/Presidential-Debate-Tweets-Analysis

Analyze tweets during U.S Presidential debate to predict the political stance of Users

Primary LanguagePython

Data Mining Fall2016

Data Mining Project Fall 2016 for CS235

Full Report in final_report.pdf

Poster in poster.pdf

##Pacakages Installation Make sure you install all the requirements form requirements.txt using pip just run: pip install -r requirements.txt

After installation create a file called new.py and add below line:

import nltk

nltk.download()

save it and run it -- python new.py

It will take few minutes to install ntlk packages

##Files Description Following are the files and their function

  1. stream.py --> uses twitter streaming API to get live tweets

    python stream.py > data_live.json

    Stores tweets in data_live.json

  2. parse_data.py --> parses raw data and select necessary attributes

    python parse_data.py

    Stores parsed data in parsed_data.json

  3. sentiment_module.py and sentiment_trained.py :

    sentiment_module.py --> trains the classifiers using positive.txt and negative.txt. It can also save the trained classifier so that we don't have to train it again and again. For time being that code is commented out. It also has a custom classifier which uses those trained classifier and finds the sentiment of text with confidence value.
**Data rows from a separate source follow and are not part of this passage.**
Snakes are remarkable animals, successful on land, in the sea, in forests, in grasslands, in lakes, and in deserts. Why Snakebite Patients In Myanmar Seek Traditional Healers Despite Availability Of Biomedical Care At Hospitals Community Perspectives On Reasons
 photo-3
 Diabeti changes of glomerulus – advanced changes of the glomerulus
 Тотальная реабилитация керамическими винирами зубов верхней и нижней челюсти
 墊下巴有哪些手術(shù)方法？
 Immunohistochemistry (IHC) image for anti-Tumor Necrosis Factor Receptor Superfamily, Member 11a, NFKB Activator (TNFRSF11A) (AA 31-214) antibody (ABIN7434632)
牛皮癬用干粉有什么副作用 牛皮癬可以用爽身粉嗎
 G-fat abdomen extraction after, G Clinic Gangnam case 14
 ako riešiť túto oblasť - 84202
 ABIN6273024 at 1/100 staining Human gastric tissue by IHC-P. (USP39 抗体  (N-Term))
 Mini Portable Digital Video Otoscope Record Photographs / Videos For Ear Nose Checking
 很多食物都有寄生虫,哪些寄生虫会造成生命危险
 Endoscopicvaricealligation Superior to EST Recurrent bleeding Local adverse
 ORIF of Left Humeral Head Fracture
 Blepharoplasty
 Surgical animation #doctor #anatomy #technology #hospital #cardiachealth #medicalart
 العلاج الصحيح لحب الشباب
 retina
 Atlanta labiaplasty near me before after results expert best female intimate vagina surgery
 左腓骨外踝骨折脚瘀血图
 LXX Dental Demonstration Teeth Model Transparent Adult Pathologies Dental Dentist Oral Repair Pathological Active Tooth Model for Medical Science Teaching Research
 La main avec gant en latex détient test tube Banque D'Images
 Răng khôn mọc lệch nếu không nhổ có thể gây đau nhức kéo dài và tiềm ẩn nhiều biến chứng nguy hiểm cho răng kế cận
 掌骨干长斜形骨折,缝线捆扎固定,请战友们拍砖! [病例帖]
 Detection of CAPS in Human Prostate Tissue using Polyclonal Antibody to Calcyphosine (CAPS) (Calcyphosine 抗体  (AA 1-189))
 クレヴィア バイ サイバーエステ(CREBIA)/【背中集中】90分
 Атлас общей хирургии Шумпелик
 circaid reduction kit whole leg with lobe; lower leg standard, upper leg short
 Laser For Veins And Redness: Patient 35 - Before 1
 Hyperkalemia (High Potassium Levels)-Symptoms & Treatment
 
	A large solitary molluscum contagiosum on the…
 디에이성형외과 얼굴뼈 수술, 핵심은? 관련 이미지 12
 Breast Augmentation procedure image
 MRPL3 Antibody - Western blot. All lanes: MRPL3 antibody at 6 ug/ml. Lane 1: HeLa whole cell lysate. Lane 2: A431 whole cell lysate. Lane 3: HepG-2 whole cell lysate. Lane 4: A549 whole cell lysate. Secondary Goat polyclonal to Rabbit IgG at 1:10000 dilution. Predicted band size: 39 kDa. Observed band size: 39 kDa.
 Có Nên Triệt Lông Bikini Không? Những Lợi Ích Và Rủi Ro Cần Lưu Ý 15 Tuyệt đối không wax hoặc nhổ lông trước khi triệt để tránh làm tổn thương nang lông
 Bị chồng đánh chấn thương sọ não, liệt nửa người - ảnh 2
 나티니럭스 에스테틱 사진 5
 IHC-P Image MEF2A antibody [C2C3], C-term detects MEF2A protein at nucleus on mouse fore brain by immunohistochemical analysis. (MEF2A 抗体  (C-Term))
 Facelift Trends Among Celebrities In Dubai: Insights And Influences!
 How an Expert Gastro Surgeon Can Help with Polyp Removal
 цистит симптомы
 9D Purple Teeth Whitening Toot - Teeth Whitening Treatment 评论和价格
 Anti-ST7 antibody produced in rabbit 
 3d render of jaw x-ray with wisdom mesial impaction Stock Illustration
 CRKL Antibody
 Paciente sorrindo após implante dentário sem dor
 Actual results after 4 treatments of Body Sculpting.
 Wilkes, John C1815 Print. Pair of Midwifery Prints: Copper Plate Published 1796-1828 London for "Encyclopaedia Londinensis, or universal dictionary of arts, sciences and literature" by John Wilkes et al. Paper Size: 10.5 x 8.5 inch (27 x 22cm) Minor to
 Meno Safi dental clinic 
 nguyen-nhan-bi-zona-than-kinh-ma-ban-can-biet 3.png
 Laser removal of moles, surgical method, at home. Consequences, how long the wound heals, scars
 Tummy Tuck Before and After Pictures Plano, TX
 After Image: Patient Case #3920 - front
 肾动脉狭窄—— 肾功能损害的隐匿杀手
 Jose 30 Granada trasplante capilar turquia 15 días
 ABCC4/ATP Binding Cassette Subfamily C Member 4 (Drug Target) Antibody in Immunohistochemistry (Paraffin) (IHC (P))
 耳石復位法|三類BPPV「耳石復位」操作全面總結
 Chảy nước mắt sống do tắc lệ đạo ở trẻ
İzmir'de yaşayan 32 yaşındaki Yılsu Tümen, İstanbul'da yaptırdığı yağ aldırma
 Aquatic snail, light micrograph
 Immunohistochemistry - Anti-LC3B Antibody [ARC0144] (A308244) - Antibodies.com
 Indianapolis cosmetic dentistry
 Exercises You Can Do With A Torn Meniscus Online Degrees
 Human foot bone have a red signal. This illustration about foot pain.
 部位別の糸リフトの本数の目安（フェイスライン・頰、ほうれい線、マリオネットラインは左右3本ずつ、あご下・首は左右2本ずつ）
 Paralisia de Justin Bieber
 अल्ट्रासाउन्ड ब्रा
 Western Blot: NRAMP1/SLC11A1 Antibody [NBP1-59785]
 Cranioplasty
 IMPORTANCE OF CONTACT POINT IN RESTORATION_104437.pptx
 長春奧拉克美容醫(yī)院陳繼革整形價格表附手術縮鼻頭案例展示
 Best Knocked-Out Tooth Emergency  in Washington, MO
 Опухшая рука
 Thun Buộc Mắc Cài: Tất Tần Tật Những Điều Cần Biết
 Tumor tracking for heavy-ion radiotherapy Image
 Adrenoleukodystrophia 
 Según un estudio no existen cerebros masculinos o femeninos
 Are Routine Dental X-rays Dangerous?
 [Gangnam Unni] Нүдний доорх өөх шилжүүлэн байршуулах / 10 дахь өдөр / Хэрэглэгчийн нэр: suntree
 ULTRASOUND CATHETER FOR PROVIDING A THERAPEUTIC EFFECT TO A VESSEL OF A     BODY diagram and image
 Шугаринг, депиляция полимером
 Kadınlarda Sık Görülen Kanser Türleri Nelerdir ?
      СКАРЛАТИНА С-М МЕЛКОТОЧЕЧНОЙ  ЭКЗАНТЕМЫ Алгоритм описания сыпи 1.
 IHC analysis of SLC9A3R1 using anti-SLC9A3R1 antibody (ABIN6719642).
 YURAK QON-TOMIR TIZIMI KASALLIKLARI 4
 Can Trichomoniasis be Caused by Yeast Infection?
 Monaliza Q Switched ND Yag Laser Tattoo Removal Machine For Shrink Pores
    sentiment_trained.py --> same as sentiment_module.py but uses saved classifier. So this will not work if classifier are not already saved.

  4. sentiment_eval.py :

    Uses sentiment_module or sentiment_trained to compute sentiments of all the tweets.

    python sentiment_eval.py

    Output is stored in sentiment_output.json

  5. count_sentiment.py :

    Just calculates the count of positive and negative tweets for each candidate.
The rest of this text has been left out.